Keith, No Boundaries participant, is photographed in front of an American flag in a wood-paneled office.

By Carolyn VanBrocklin, Communications Specialist,

Not many people can say they have legislation named after them – but Keith does. Keith, who teaches government and history at the Maryland School for the Deaf, has always wanted to follow in the footsteps of other family members by serving his country in the U.S. military. But, under standard military testing, people with hearing impairments aren’t allowed to serve in the U.S. Armed Forces. Keith has embarked on a journey to change that.

Three months before September 11, 2001, Keith graduated from high school and visited several U.S. Navy recruiting centers seeking to enlist. Three short words derailed that plan: “bad ear, disqual.” He switched gears, received a Master’s degree in deaf education and taught for two years – until the military came up again when a student, who is also deaf, asked how he could join. Keith, who told his student it wasn’t possible, came to a realization – he had been told “no” all along and there he was continuing that discouragement. So, he decided to do something about it.

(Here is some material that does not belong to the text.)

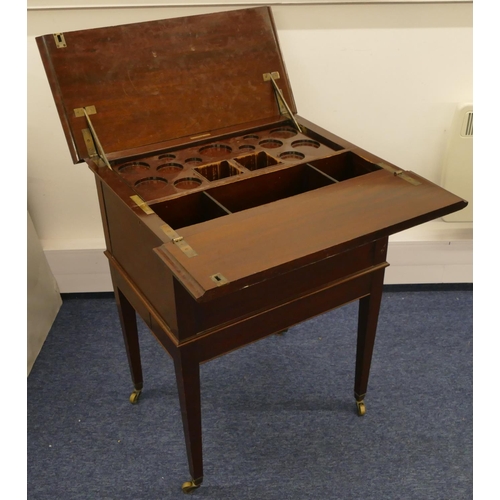 677 - A Maple & Co. Ltd Edwardian mahogany surprise drinks cabinet with double hinged top enclosing telesc...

Keith’s alma mater, California State University, Northridge, had started an Army Reserve Officers’ Training Corps (ROTC). When he asked to take a few classes through the program, he was pleased to receive a positive response – something he had not gotten in all of his prior attempts to join the military. He seized the opportunity and quickly established himself as a dedicated, driven participant who took part even in the early-morning workouts and other activities that weren’t required.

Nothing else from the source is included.